What becomes difficult to understand is why many actors, influencers, and public personalities willingly participate in highly sexualized self-branding on social media, profit from it, build audiences around it, and then later position themselves as victims of the very culture they helped normalize. If you scroll through the feeds of personalities such as Raiza Wilson, Abhirami, Yashika, Subhashree Sahu, and countless others, much of the content is clearly designed to attract attention through appearance, desirability, and engagement-driven marketing.
To be clear, they have every right to do that. It is their platform, their content, and their choice.
But if personal agency and consent are the central arguments used to defend that content online, then the same discussion cannot suddenly become one-sided when similar audience expectations carry over into films. At that point, blaming only directors, producers, or the system starts to feel selective.
The reality is that both sides play a role. The industry monetizes what sells. Influencers and actors monetize what attracts attention.
Audiences consume both. Removing accountability from one side while placing all the blame on the other creates an incomplete picture.

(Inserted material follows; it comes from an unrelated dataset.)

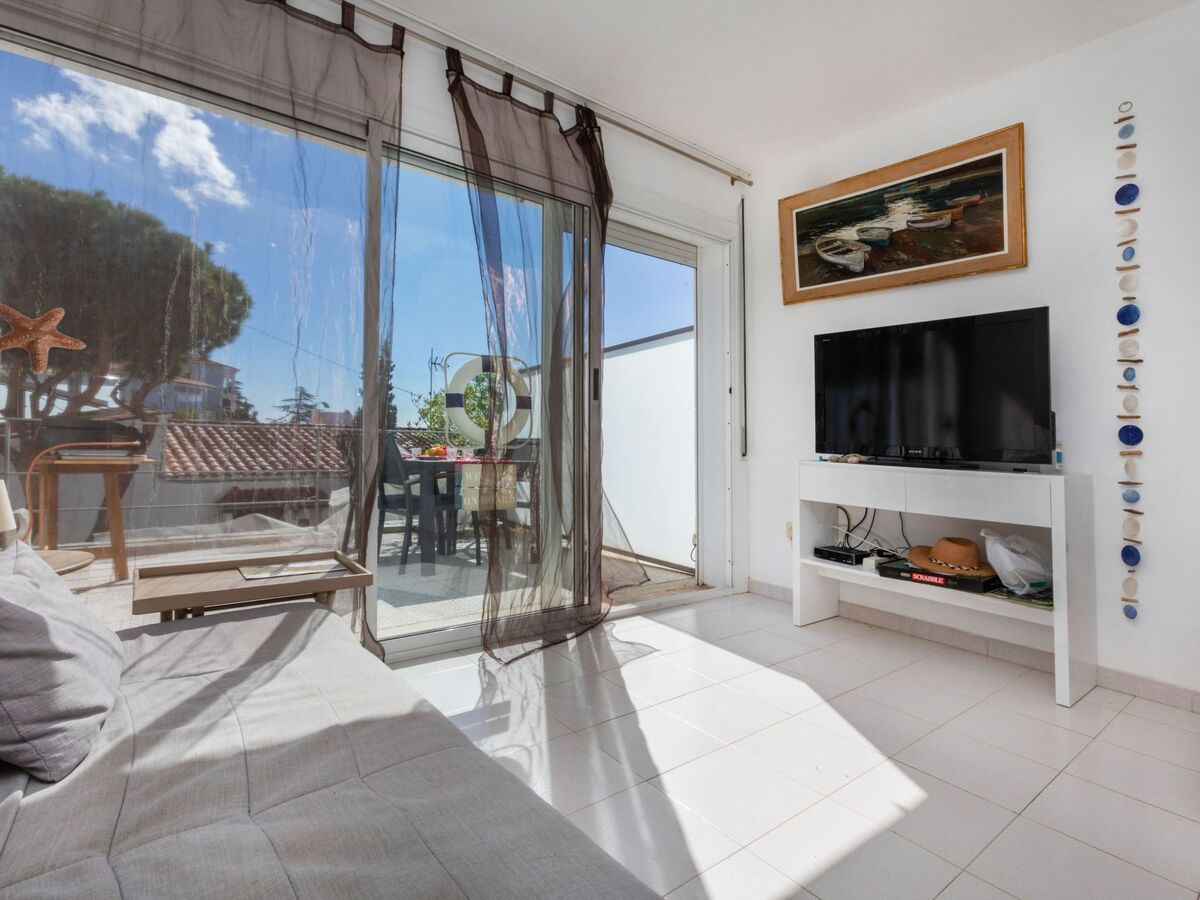 Appartement Grifeu, 2 ch. vue mer à Llançà - Photo 6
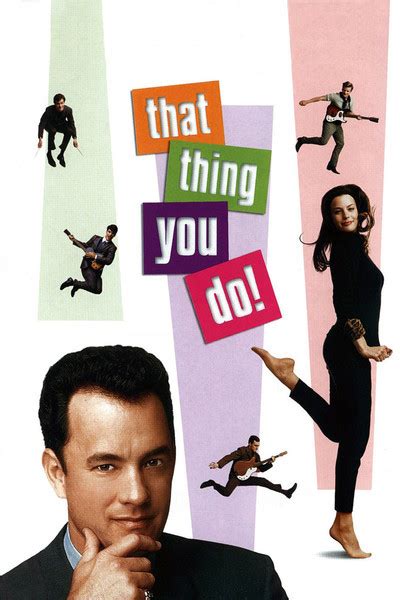 That Thing You Do! Movie Review (1996) | Roger Ebert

If objectification is genuinely the issue, then the conversation must be consistent across social media, cinema, advertising, and celebrity culture. Otherwise, it begins to look less like a fight against objectification and more like a fight against objectification only when it becomes inconvenient.
That is where many people see the contradiction. Either everyone involved shares responsibility, or nobody gets to claim complete innocence. Anything else feels like hypocrisy dressed up as activism.